> [WHAT IS NEEDED]
Leaving pictures out, repeat word for word the line that has "特色川菜烤脑花盛放在造型独特的瓷碗中" and each line that follows it to the end of the listing.
__________
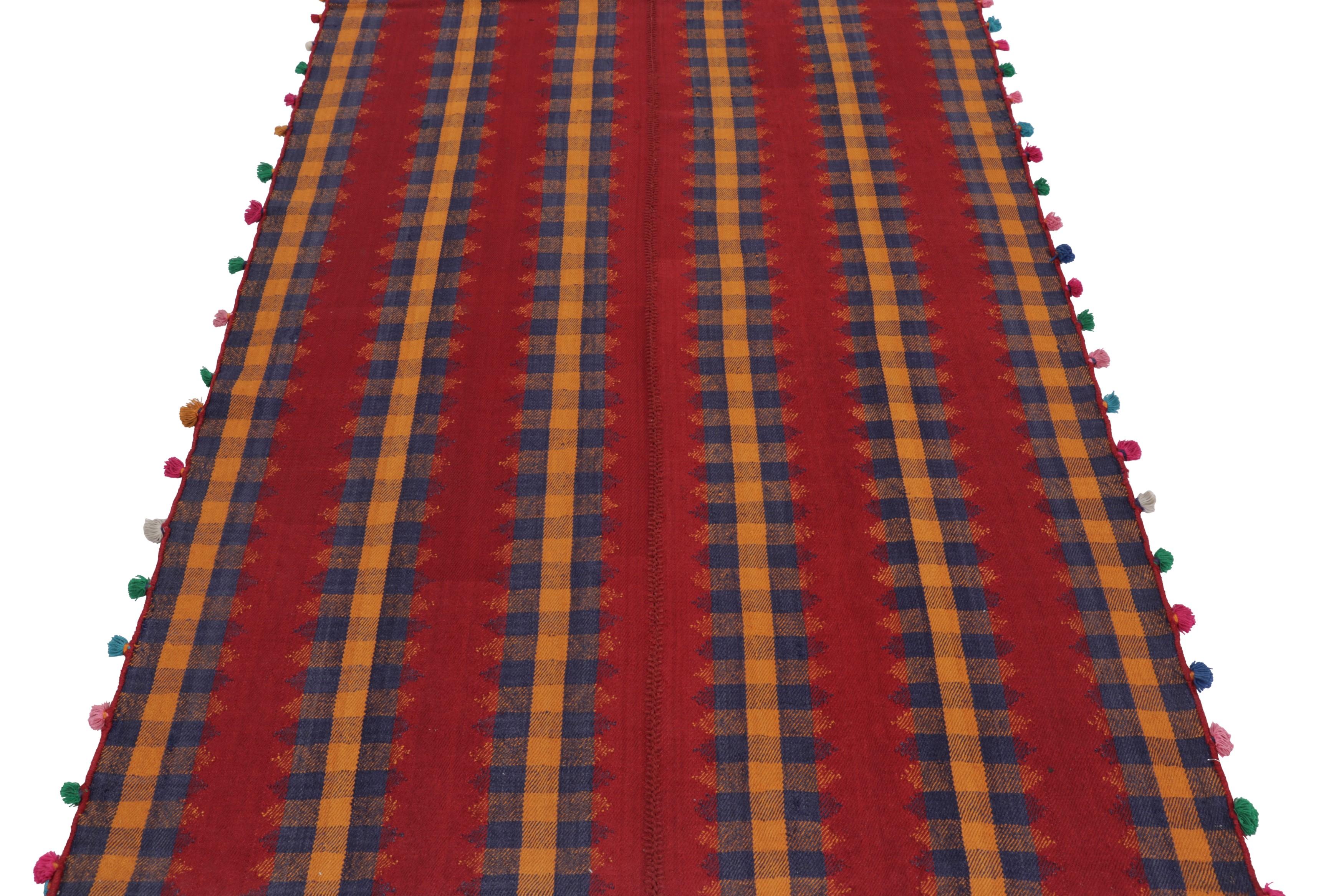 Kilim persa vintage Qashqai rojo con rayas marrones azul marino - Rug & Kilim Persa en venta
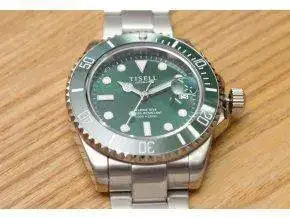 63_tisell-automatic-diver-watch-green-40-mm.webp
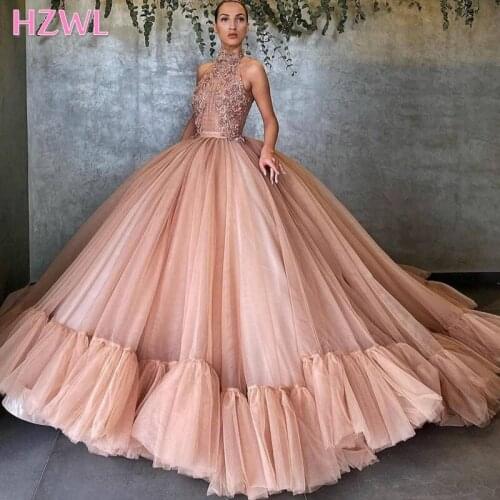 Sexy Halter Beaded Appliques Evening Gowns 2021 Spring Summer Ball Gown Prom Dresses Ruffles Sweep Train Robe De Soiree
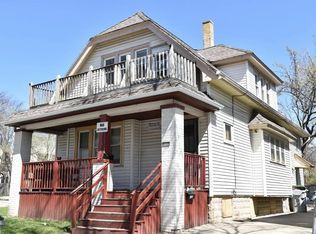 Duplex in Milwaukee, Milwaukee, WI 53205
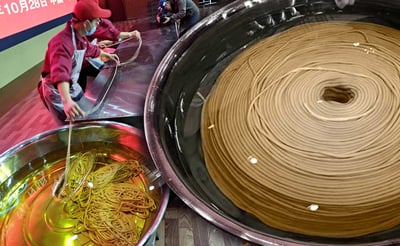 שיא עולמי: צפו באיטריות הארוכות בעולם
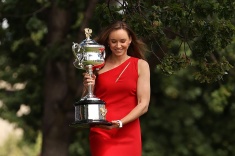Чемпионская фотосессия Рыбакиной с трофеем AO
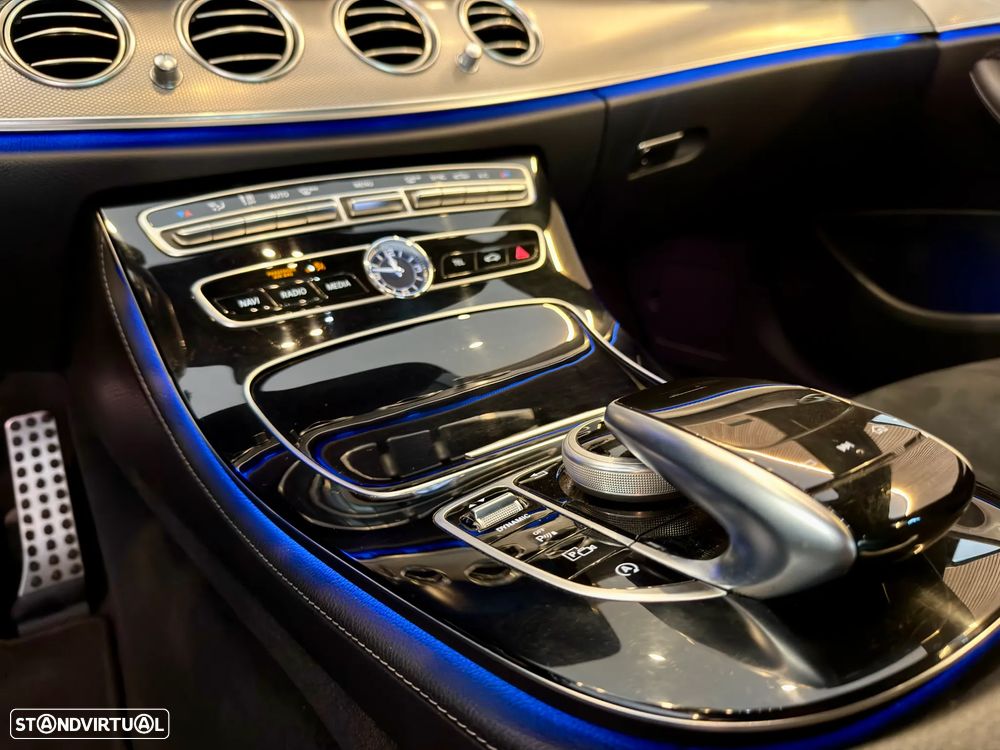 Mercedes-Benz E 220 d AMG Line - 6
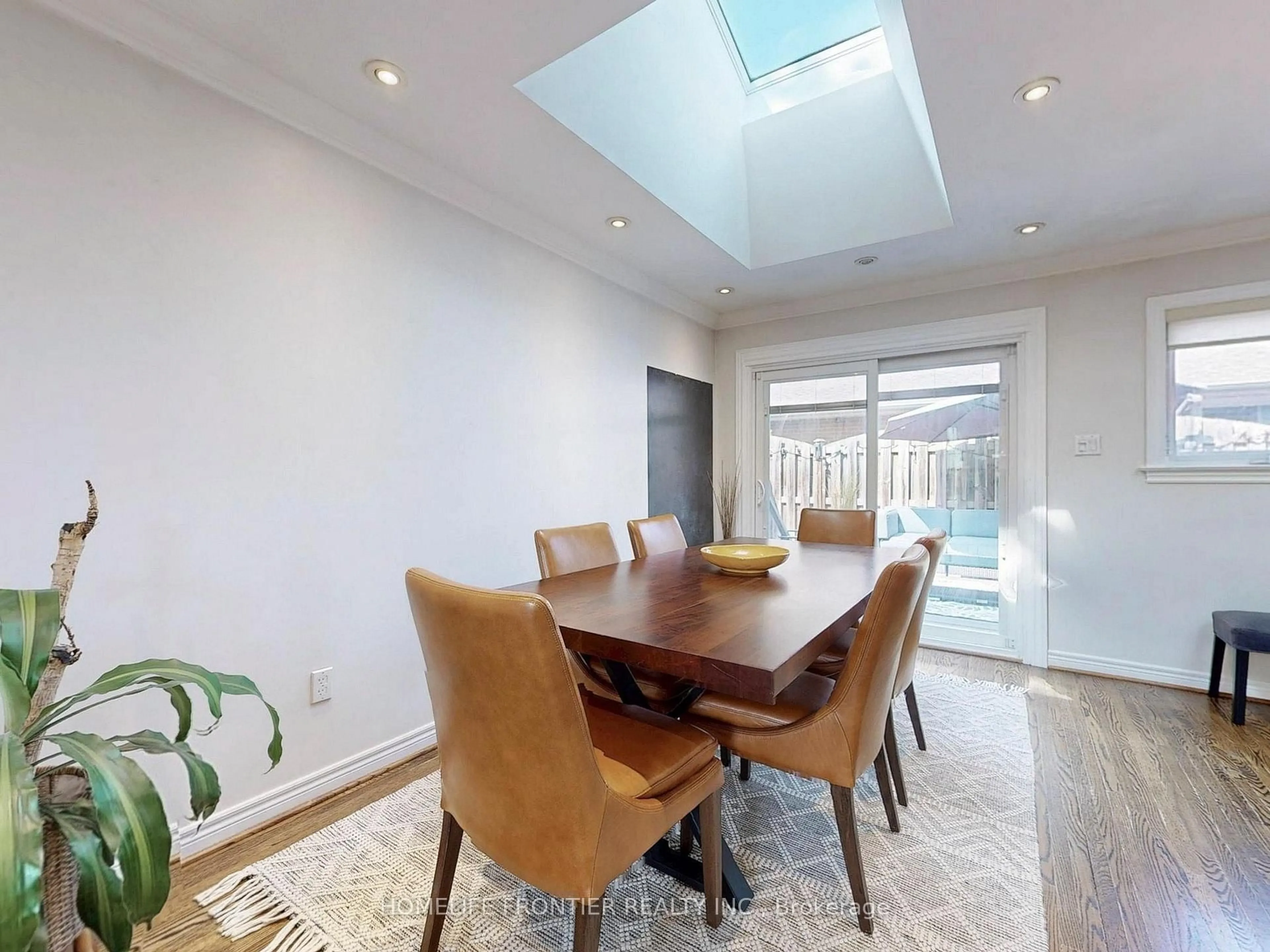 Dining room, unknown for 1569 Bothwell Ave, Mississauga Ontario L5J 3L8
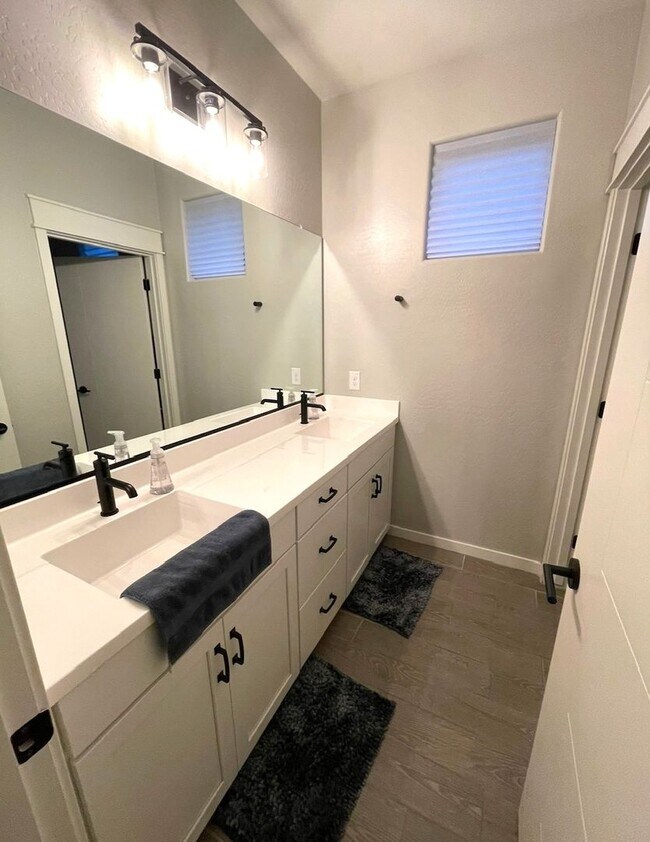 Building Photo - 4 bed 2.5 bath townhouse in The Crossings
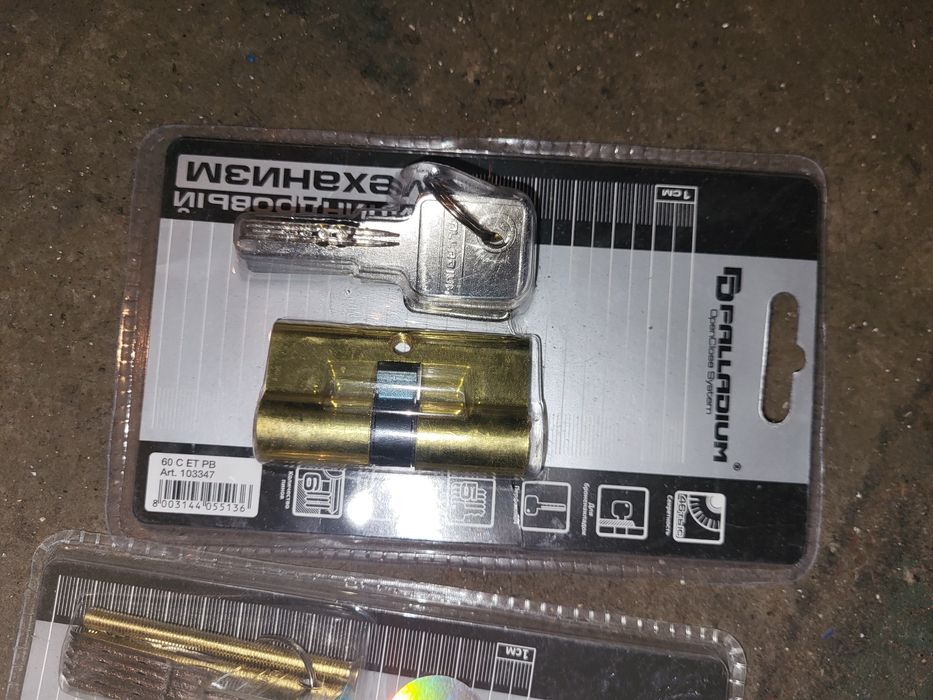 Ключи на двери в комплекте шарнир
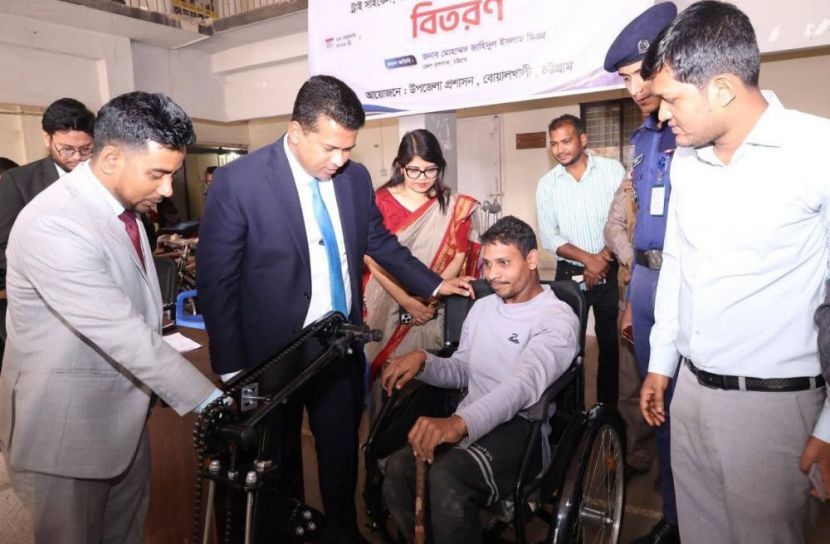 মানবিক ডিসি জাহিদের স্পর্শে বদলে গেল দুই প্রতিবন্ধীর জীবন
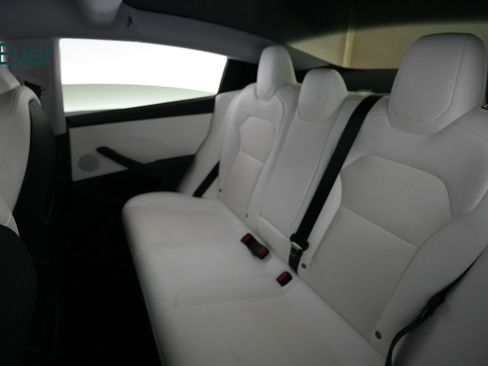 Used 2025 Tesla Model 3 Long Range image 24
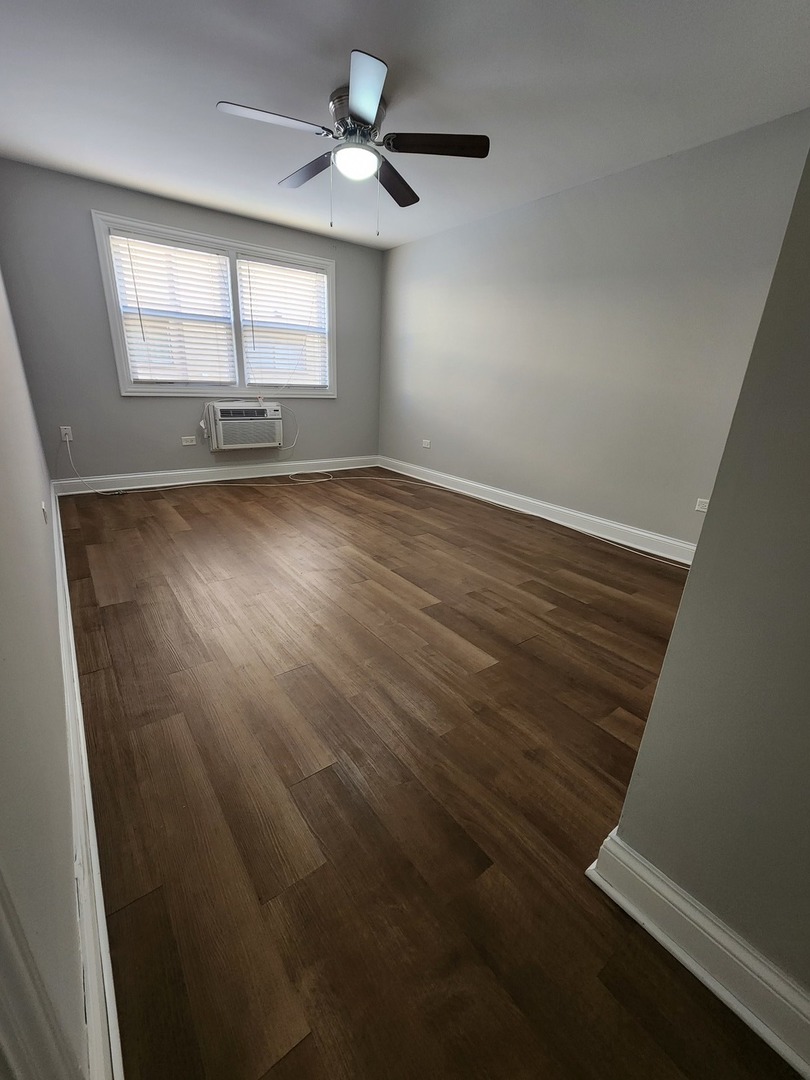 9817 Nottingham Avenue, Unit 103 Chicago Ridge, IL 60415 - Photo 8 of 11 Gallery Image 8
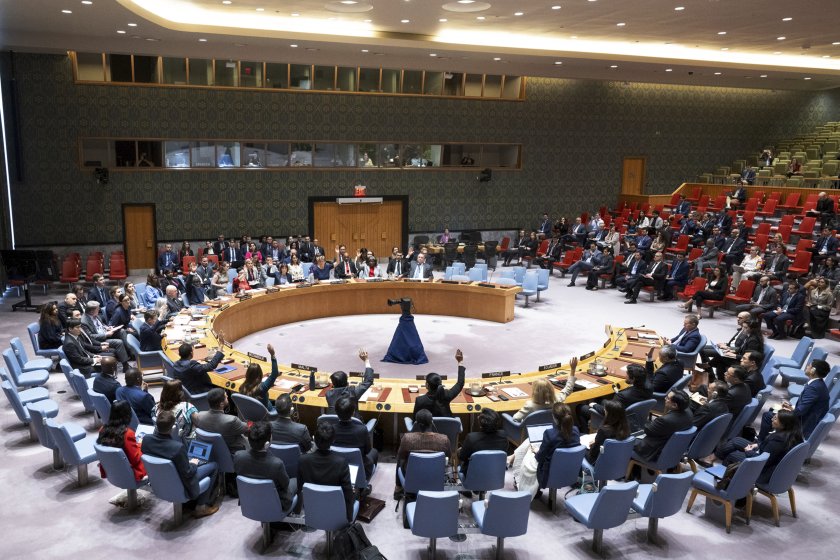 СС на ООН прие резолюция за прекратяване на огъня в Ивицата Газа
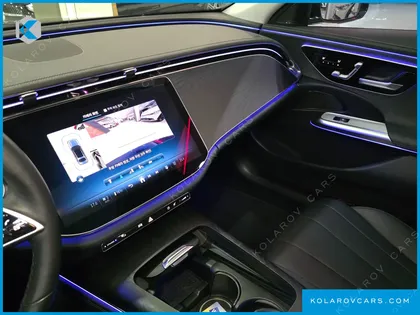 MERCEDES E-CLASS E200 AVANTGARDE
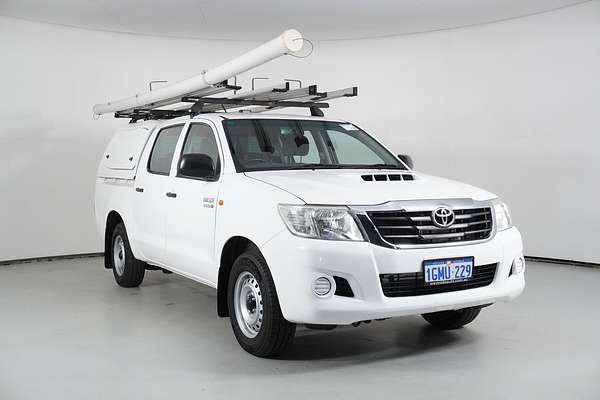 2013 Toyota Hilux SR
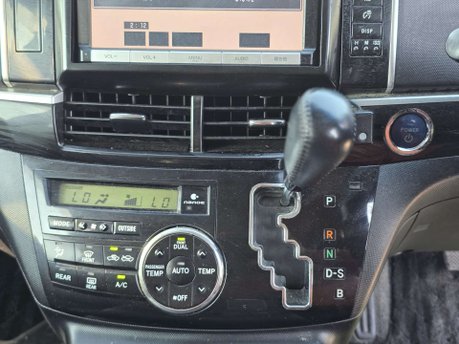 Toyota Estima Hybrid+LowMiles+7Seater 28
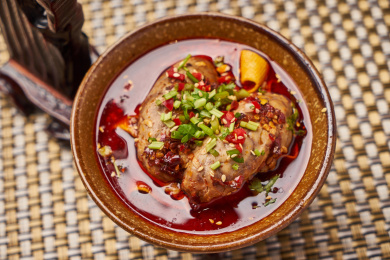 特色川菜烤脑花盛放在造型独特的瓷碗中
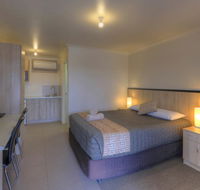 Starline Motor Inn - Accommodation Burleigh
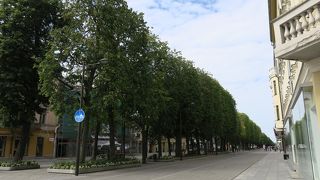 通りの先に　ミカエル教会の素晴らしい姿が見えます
__________
> [ANSWER TO THIS PROBLEM]
 特色川菜烤脑花盛放在造型独特的瓷碗中
 Starline Motor Inn - Accommodation Burleigh
 通りの先に　ミカエル教会の素晴らしい姿が見えます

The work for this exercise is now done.